APBRmetrics

Posted: **Thu May 04, 2017 11:05 pm**

The story doesn't reference any hard numbers in regards to how often lopsided action supposedly happens and how often or how far the lines are supposedly moving. The data from TeamRankings doesn't really seem to support the idea that there are line moves of a significant magnitude happening on a consistent basis for NBA spreads. Only 9.4% of games tracked there moved more than 2+ points from the opening line. Just from looking at betting percentages at SportsInsights on a somewhat regular basis, I'm fairly certain the number of games that receive lopsided action (at least 60% of bets on one team) is much higher than 10% of all games. So more often than not, the books aren't all that concerned with lopsided action and are willing to bet that the lopsided action (which is almost always on the favorite) is not going to consistently win at greater than a 52.4% rate long term. They're more than happy to allow the public to hammer away at favorites at a 60+% clip, while making slight adjustments to the line based on bets from the select sharp accounts whose opinions they respect to arrive at an efficient closing line.

A ridiculously simple analogy would be if you were taking -110 bets on the flip of a fair coin. If 60% of the people bet on heads every single time, you can simply leave the odds at -110 on both sides and know that over a sample of 1230 flips, there's an 91% chance you'll come out ahead, since you only lose if the number of heads is greater than 644 or less than 586 (each of which have ~4.5% chance of happening). You could increase the juice on heads to gamble and try to win more money if tails dominates, but you also run the risk of losing more if heads wins by enough. As the number of 1230 flip iterations (NBA seasons) increases the chances of coming out ahead in the long run only increase. The point being, it's in the best interest of the sportsbook to set the opening number to be as accurate of a predictor of the outcome as possible since this maximizes their chances of coming out ahead long term. They don't have to worry if 60% of the public always bets the favorite because as long as their lines are within the 47.6% to 52.4% window for how often the favorite covers the spread, they will come out ahead long term.

The 'throwing a number' out there comment was based on this comment:

Vegas lines do not (and are not intended to) "predict" outcomes of games.
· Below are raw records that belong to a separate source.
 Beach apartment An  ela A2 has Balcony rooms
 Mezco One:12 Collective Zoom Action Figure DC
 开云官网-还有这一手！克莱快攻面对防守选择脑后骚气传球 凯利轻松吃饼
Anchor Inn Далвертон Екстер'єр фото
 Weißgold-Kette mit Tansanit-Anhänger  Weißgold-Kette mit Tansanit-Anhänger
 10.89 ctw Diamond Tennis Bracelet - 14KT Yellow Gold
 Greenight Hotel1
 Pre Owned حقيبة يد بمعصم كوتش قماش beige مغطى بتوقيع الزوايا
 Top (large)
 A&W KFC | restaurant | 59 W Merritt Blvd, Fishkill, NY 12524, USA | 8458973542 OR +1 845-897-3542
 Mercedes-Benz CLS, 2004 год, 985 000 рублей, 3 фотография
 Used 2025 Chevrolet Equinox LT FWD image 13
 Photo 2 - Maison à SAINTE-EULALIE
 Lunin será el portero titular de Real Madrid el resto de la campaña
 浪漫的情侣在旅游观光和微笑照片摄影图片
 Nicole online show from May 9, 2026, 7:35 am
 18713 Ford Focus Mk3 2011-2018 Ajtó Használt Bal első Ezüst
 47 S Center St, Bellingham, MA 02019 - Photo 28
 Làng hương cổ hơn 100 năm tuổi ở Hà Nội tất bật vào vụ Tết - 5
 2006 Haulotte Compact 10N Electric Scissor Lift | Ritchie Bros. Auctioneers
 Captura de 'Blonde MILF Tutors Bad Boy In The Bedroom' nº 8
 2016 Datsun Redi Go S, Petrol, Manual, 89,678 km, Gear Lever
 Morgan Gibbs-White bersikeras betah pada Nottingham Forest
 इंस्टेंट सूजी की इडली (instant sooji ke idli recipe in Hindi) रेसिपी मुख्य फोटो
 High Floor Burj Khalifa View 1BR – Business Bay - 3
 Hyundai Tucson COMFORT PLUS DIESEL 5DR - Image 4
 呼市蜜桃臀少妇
They are set in an attempt to anticipate how the public will place its bets.

The NylonCalc article illustrated that the closing lines in the NBA do predict the MOV extremely well in the long run. And because opening lines do not differ substantially from closing lines ~90% of the time, it stands to reason that the opening lines would also have a very high correlation with actual MOV and are reasonably good at predicting outcomes. The idea that the predominant factor in setting a line is not to predict the outcome, but to anticipate how the public will bet simply isn't true.

Posted: **Fri May 05, 2017 9:42 am**

permaximum wrote:It's because games with higher roster turnover rates are found more in 2000s and 2010s and almost every metric's prediction success gets better when we get closer to our time.

I just ran a ADF on that data and there is no such trend at all (talking about the bolded part). You just picked a sample with a low starting point (1984) and a higher end point (2016); remove those two entrances and your linear trend is gone. That does not happen, if there really is a solid recency trend.

The real reason was given by Nathan; in the higher RT games, there are more loopsided games involved for which the metrics have a higher success rate of picking the correct winner. That's why you get such odd results that metrics supposedly predict better with higher RT. You need to use the scoring margin in order to check PA. Also, you should check the subsamples (each increment) whether you have a normal distribution, because quite frankly it doesn't seem like it is the case for the extreme ends of the spectrum. For not normally distributed data the mean value is not a good estimation of the overall trend.

Edit: Removed the last comment, because it was completely out of line.

Posted: **Fri May 05, 2017 11:28 am**

mystic wrote:
permaximum wrote:It's because games with higher roster turnover rates are found more in 2000s and 2010s and almost every metric's prediction success gets better when we get closer to our time.
I just ran a ADF on that data and there is no such trend at all (talking about the bolded part). You just picked a sample with a low starting point (1984) and a higher end point (2016); remove those two entrances and your linear trend is gone. That does not happen, if there really is a solid recency trend.

The real reason was given by Nathan; in the higher RT games, there are more loopsided games involved for which the metrics have a higher success rate of picking the correct winner. That's why you get such odd results that metrics supposedly predict better with higher RT. You need to use the scoring margin in order to check PA. Also, you should check the subsamples (each increment) whether you have a normal distribution, because quite frankly it doesn't seem like it is the case for the extreme ends of the spectrum. For not normally distributed data the mean value is not a good estimation of the overall trend.

Edit: This comment was deleted.

After 65% of RT all metrics get a lot worse. So your statement is not true, again.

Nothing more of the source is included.